I scanned my way, left to right, down, then right to left across the craft beer shelves. Man, there were a lot of new names here I haven’t heard of before. Some of the heretofore unheard of brews had some hefty price tags, some even over 10 bucks. There were 4-packs on the shelves. More bottles with gold leaf foil wrappers adorning the tops. It’s becoming a classy place, I thought to myself.
Somewhere down on the third shelf, a name caught my eye. It was a Belgian ale. The price was right. I bought it. I brought it home and just before I stashed it in the beer fridge, I checked the label. What I had bought was a Belgian White Wheat beer, or Witbeer which was the same damn kind of beer I reviewed last week!
As the day wore on, I got to thinking. Hell, as much as I like wheat beer, I really don’t want to put off the readers and have them think I’m in a rut by reviewing another wheaty one for the second straight week. But before I go back to the MBS, I checked to see what I had saved from a few weeks ago.
Allow me to digress. There was a time, in between the Binny box and the trip to St. Louis on Labor Day that I had some extra overtime cash on hand. During one of those past weekly visits to the MBS I picked up two sixpacks: a review beer and an extra one just in case. That extra one got stashed for safe keeping.
That extra sixpack was now key to my peace of mind. It’s good to have a backup plan, a contingency.
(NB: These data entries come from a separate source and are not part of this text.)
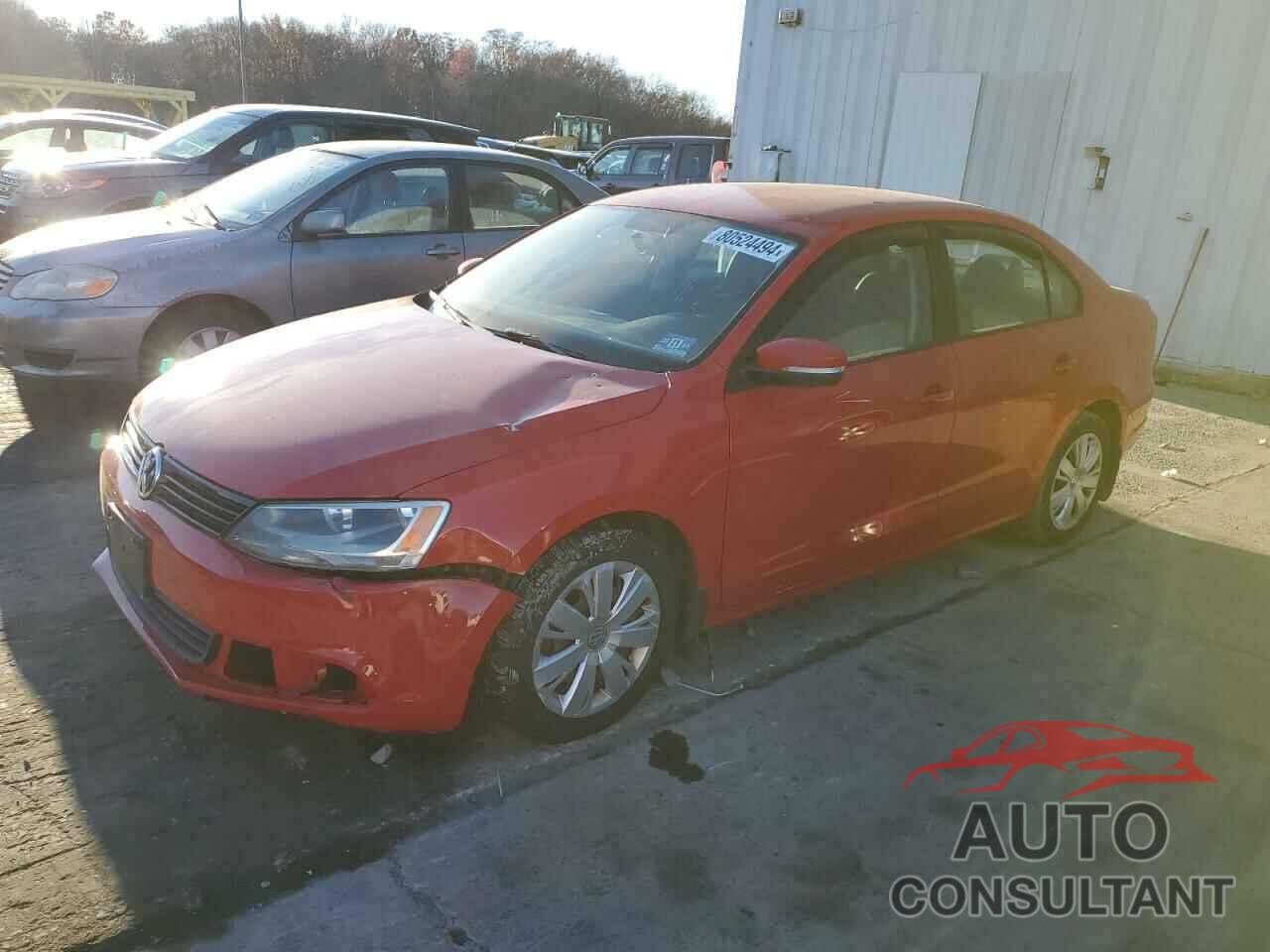 VOLKSWAGEN JETTA 2012 - 3VWBP7AJ9CM104778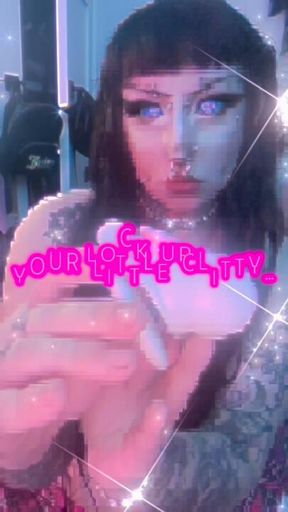 Cute chastity cage asmr 💓🗝️💋🎀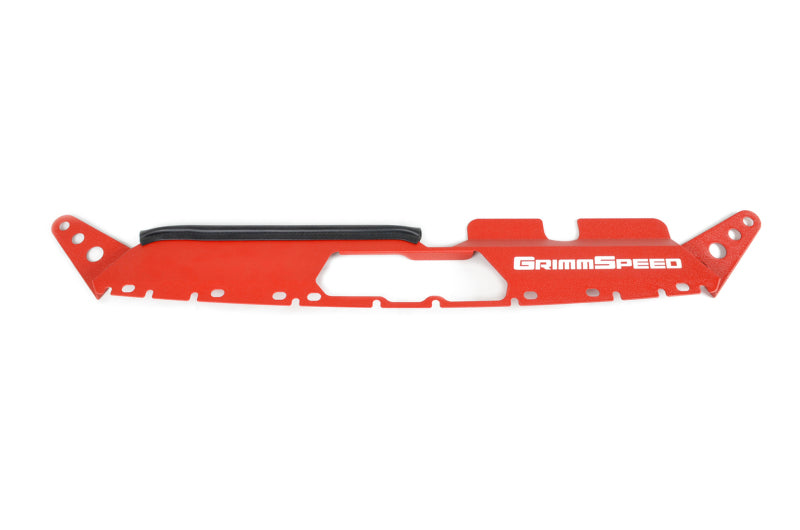 GrimmSpeed 15+ Subaru WRX/STI Radiator Shroud  - Red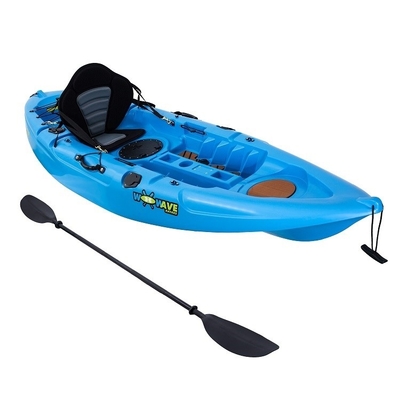 Einfach sitzend Fischerkajak für Paddler Max 1 aus LLDPE-Material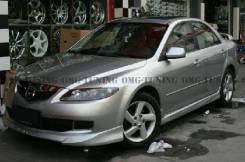 Обвес кузова аэродинамический. Mazda Mazda6, GY, GG Mazda Atenza, GG3P, GY3W, GYEW, GGEP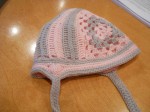 Baby altay hat, crocheted by Agnija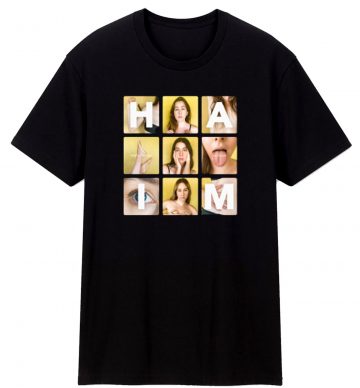 Haim Band Album T Shirt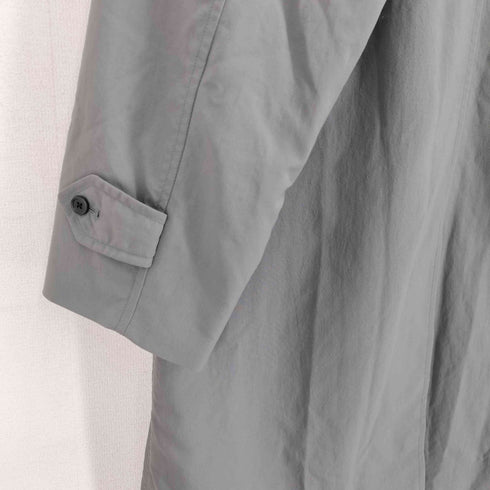 ユナイテッドアローズグリーンレーベルリラクシング UNITED ARROWS green label relaxing 25ssモデル ナイロンオックス ステンカラーコート ‐撥水‐ メンズ M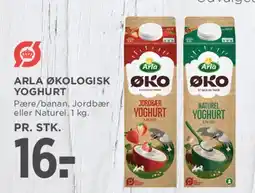 MENY Arla Økologisk Yoghurt tilbud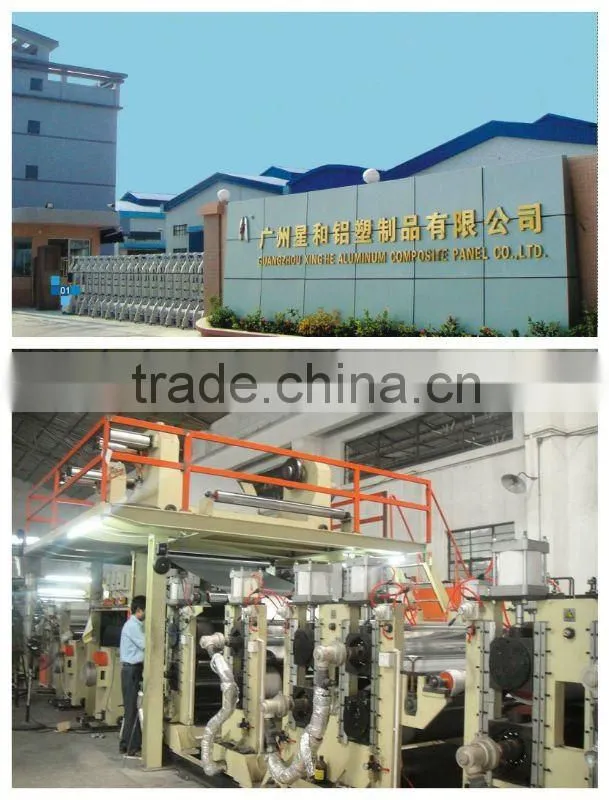 Alucobond Colorful Outdoor and Indoor Decorative Panel ACP
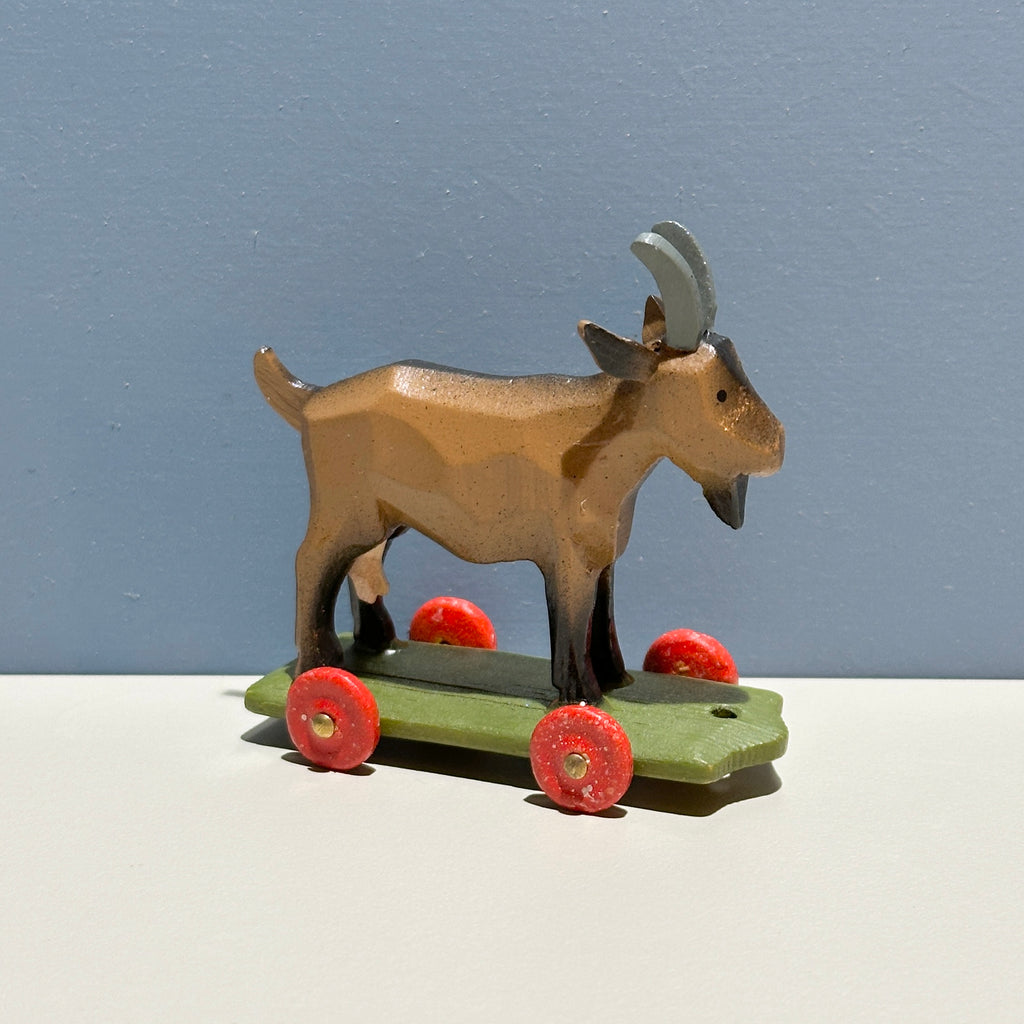 Fahrtier Goat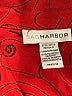 Sag Harbor 100% Polyester Paisley Red Long Sleeve Blouse Size XL - photo 7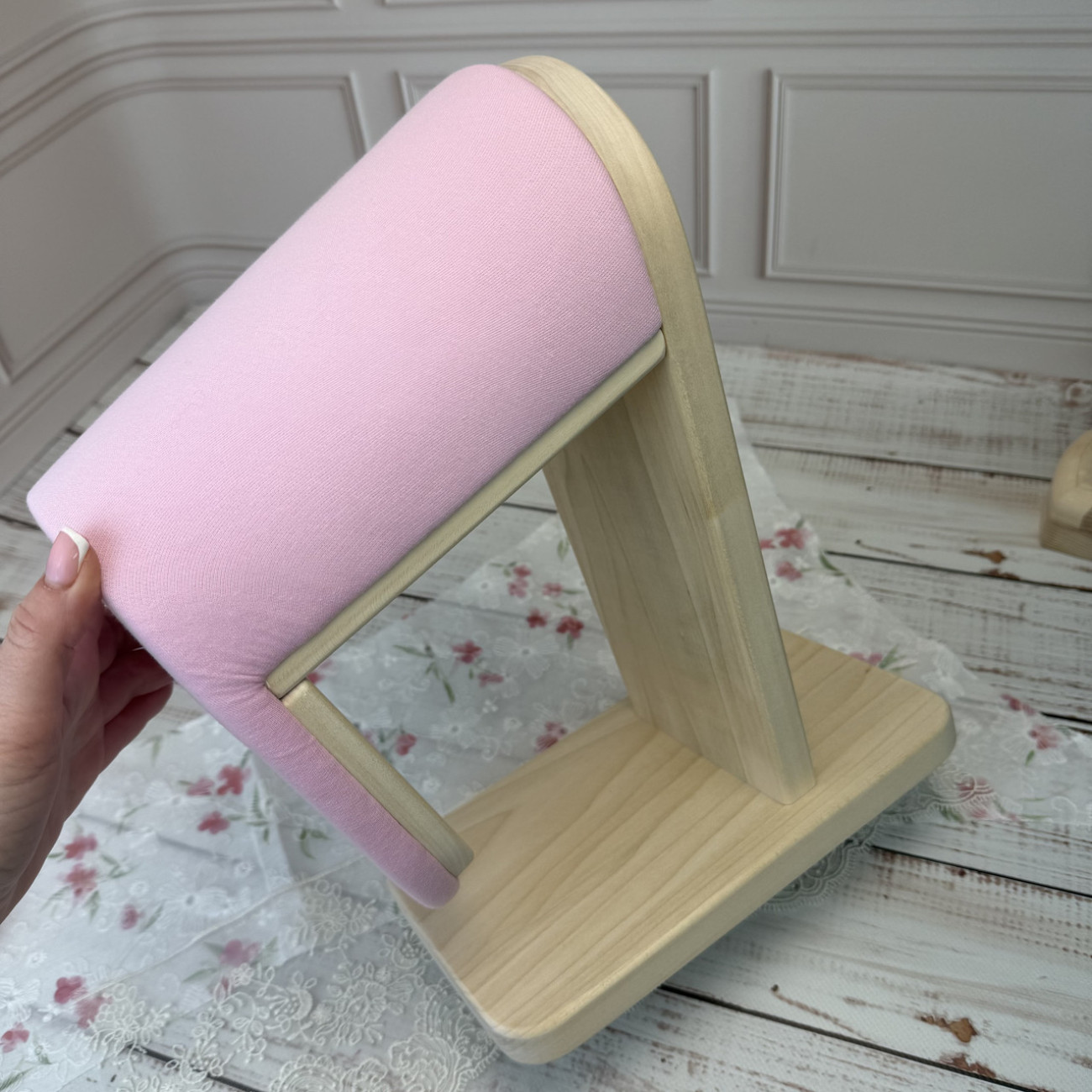 Кравецька колодка для ВТО Needle Craft Плече велике Рожеве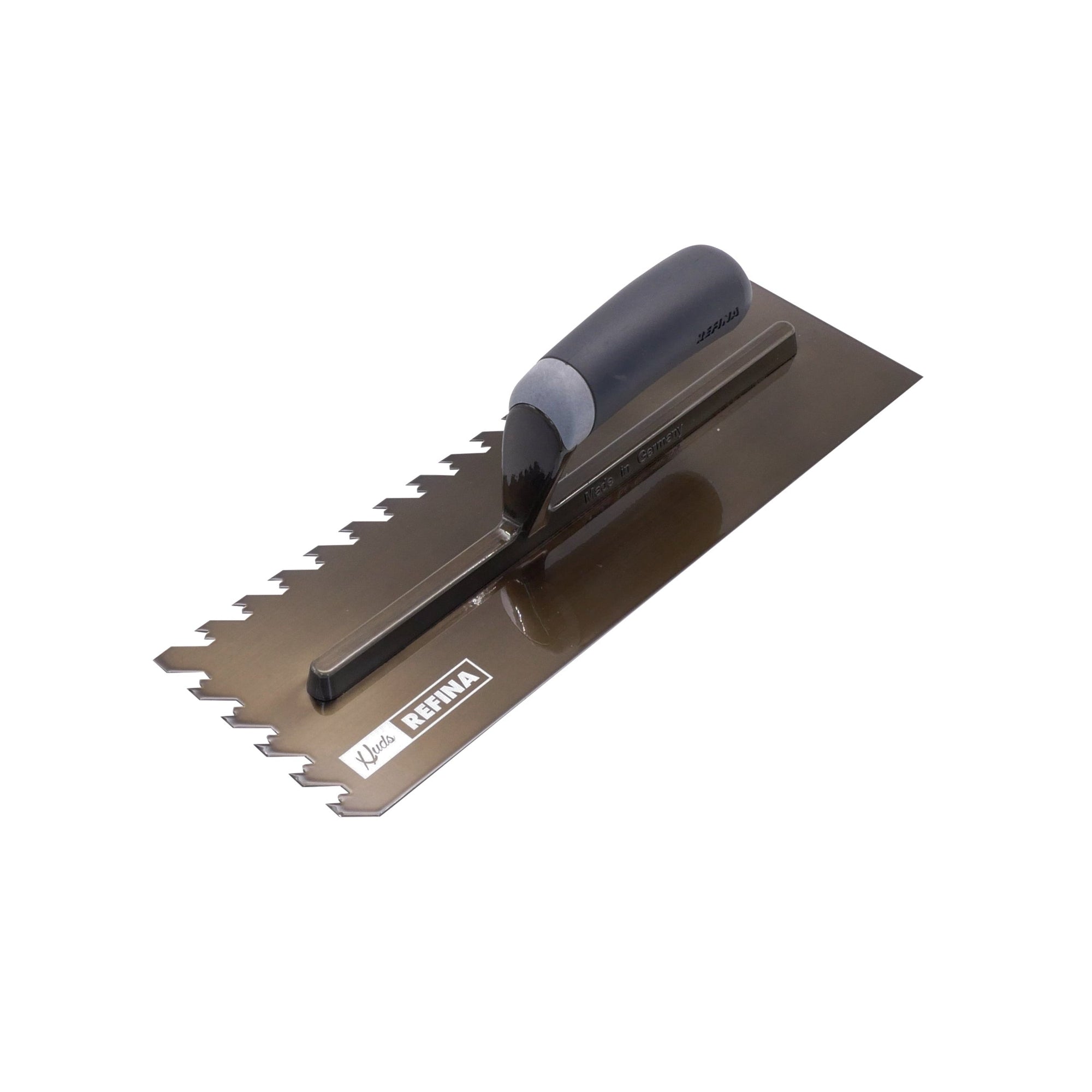 NotchTile 14" XL Trowel 10mm Graphite (Right Hand) - Calidad Tools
In the nether regions of the Manly Garage, I found that backup sixpack. It would be perfect for the review. I dusted off the cobwebs and chucked it in the fridge for consumption.
After a stint of O.T. on Saturday, I settled in at the computer desk to partake of some Bitburger Premium Beer, brewed in Germany. This was the backup beer. A little research revealed that this was a pilsner style beer, meaning that it was brewed to be a little more hoppy (bitter) than other beers. The price sticker on one of the caps read $6.99. Not bad.
I decapped and poured. The beer had a rather pale but clear yellow tinge to it and the head came up only minimally. But is it the beer or the glass? Who knows. There was a medium population of medium bubbles slowly floating to the top. There was not much of an aroma; just a slight hint of beer right at the surface. Lets swill some.
The first sip hit with a lot of taste and there was a nice crispness right before it went down. It seemed to be an almost perfect mix of taste and hops. By the third sip the taste smoothed out and the joy of beer came forth. This brew packs a nice flavor, it doesn’t taste thin, and it has a nice whang at the end. The flavor stays dominant over the bitterness. As time went on, the flavor stood forth proclaimed dominion over all, and its empire lasted through six generations of bottles.
This is a great sippin’ beer. Each sip greets the tastebuds as if they’re good friends who’ve been separated for a while. This should be the first beer to meet your mouth after a long day at work. Each swallow is a treat. Each successive swallow is just as flavorful as the first one. When you pour this beer into your glass, don’t tilt the glass. Pour it straight down the pipe and get all that flavor roiling. The foam in the head won’t care.
You should definitely buy this beer and try it on a fresh palate. It’s a great tasty treat for your body and your mind. After drinking this beer, you’ll not only thank the brewer but also that fabled unknown culture that invented beer over 2500 years ago. Glory, glory, ’tis a good day for a beer.
Taste: A- > The taste rules. Not with an iron fist, but rather a feather pillow.
Smoothness: A- > Like when you get on a bicycle again after a long while.
Drinkability: B- > Save the last one or two for another slug to the tastebuds later.
Bang for the buck: B+ > Worth the price just for the taste experience alone.
Wife’s all-encompassing opinion: (Sip.)… (sip)…”I find it a little bitter and drying. (sip)Yeah, I don’t think it’s as great as you think. It’s not something I would drink. Any more. Of. (I knew the first part was coming but not the last part.)